## Directions
Word for word, set down the lines from the one that contains "10 / DJV /85€" through the final line of the data; no pictures belong in the copy.

## Dataset section
· · ·
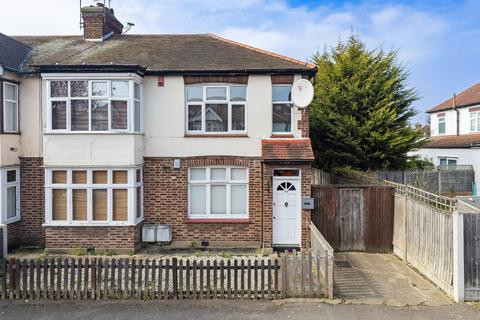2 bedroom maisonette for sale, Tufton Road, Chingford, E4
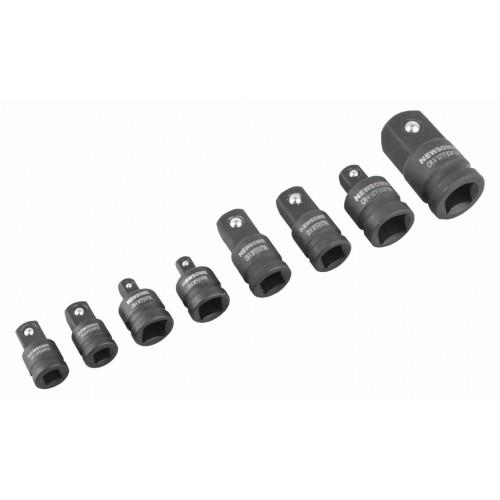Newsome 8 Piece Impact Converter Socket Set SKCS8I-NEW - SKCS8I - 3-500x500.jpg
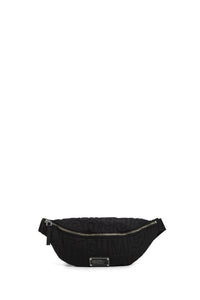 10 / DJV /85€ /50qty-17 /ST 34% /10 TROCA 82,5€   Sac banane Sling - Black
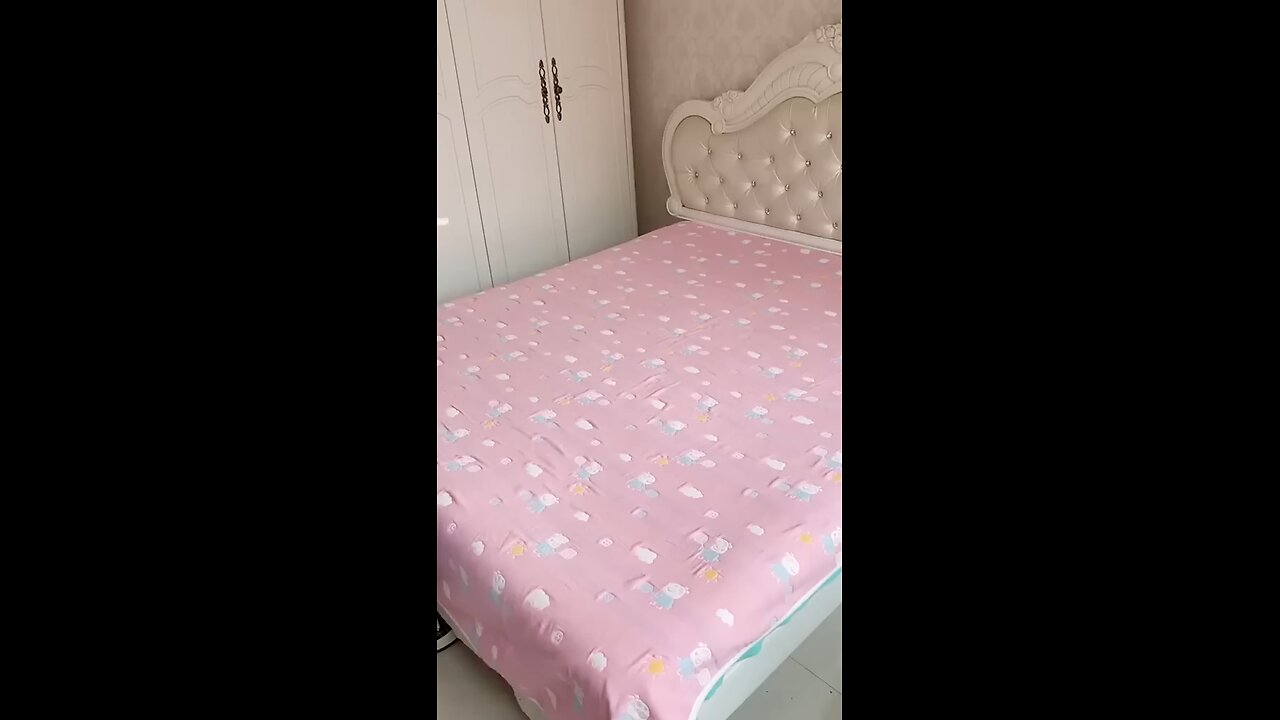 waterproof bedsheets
· · ·
## Solution to this exercise
 10 / DJV /85€ /50qty-17 /ST 34% /10 TROCA 82,5€   Sac banane Sling - Black
 waterproof bedsheets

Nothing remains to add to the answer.